Wednesday, October 22, 2014

Bravery

I'd like to tell a little story about bravery, or at least pretending to be brave.

When I was in elementary school I was fearless (isn't any young person?), and a tomboy (surprise!).  At that young age nothing bad has happened to you and you view everything as an adventure that is inevitably bound to be positive.  At my school we had a large piece of playground equipment made out of telephone poles,  It had a bridge two telephone poles wide, steps, a slide, a pole, monkey bars, and one guard rail.  When I was a child it was popular to put one leg over a guardrail (or other similar equipment) cross your arms under your leg and push off with your leg to spin around the pole as fast and as long as you could.

One day in January when I was walking across the bridge someone spun and hit me, sending me flying through the air.  I came off the bridge and landed head first on the ice below.  Typical of 1980s schools I was sent him with nothing more than a note and a huge bump on my head and a woozy feeling in my tummy to parents that told me to shake it off.

Thus developed my fear of heights.  It eventually progressed to the point of being unable to stand on a single step stool without shaking in fear, even elevators bothered me.

For reasons I do not know, will probably never know, I'd had enough of my own fear.  It was crippling me and I wanted to stop being bound by things I could not do because I would not do them.  I was only in middle school at the time.

I decided that I would teach my family dog to cross the very same bridge I'd been sent tumbling off of.   A bridge I hadn't been back on since that January.  At that point in my life I fancied myself a dog trainer, perhaps foreshadowing my days to come as future rider of horses that shouldn't be ridden.  I don't remember why I decided to do what I did, and I don't remember the exact steps, but I do remember at least a few things.

I remember having to work up the courage to even climb the steps, putting on a brave face to teach my dog her new trick.

I remember being on the middle of the bridge a few weeks later, on my hands and knees, all alone in the evening sun except for my dog, tears streaming down my face and arms shaking in fear.  I looked at my dog and she was behind me on the bridge with her head cocked to the side and an inquisitive expression on her face. She wagged her tail slowly and whined a bit.  She was a good obedient dog but she was afraid.

What kind of person would I have been if I'd let her down?  If I had asked her to cross that bridge when I couldn't cross it myself.  I certainly didn't have the right to ask her to do something I myself wouldn't dream to do.  She looked at me for leadership and support.

I crossed the bridge that day.

Weeks later I could SKIP across the bridge, my dog bounding up the steps and leaping across it with me to go down the slide nose first.

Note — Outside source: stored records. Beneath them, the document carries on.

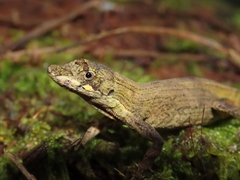 Anolis amplisquamosus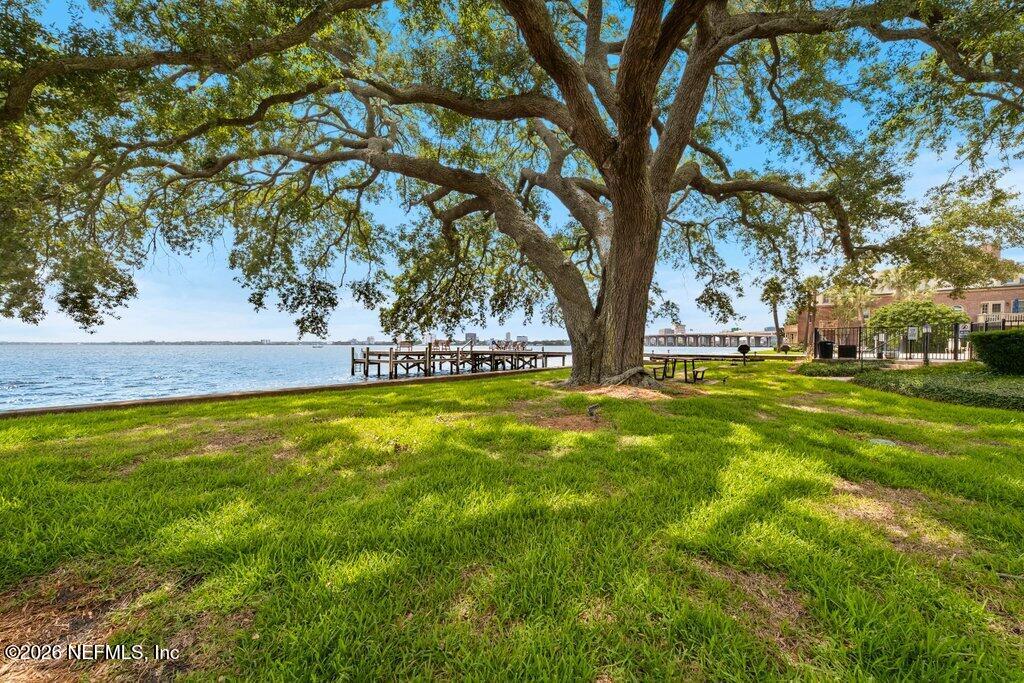 823 Lasalle Street, Unit 821/823 Jacksonville, FL 32207 - Photo 24 of 34 823 Lasalle St (2).JPG-SMALL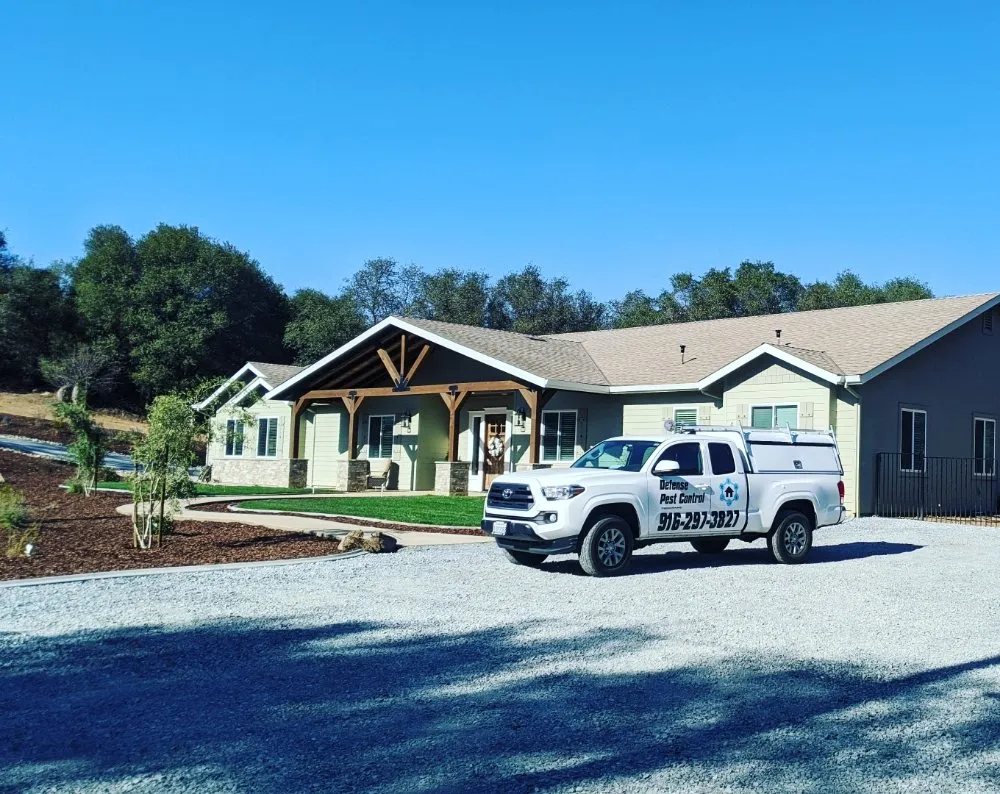 Local lawn mowing service for residential properties in Loomis, CA by Defense Pest Control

That is how I am about bravery.  I'm not a brave person, I have a well founded sense of my own mortality.  I am afraid of things.  Yet I believe that things that we are afraid of must be met head on because we are afraid of them and we should never let fear prevent us from continuing on in our adventure.  I may be afraid of things in my riding.  I am not a brave rider. This jump looks big, that hill looks steep.  But I must suck it up and fake it for my horse who puts her trust in me.  I don't have the right to ask her to jump something or go by something if I'm scared of it.  I take lessons to help me get over my fears, and because I don't believe in fear getting in the way of something that I love to do.  Face your fears and even though you are afraid you are also brave and that is the best kind of bravery there is.

1 comment:

  1. great post and good for you for facing your fear. I have done similar things as well.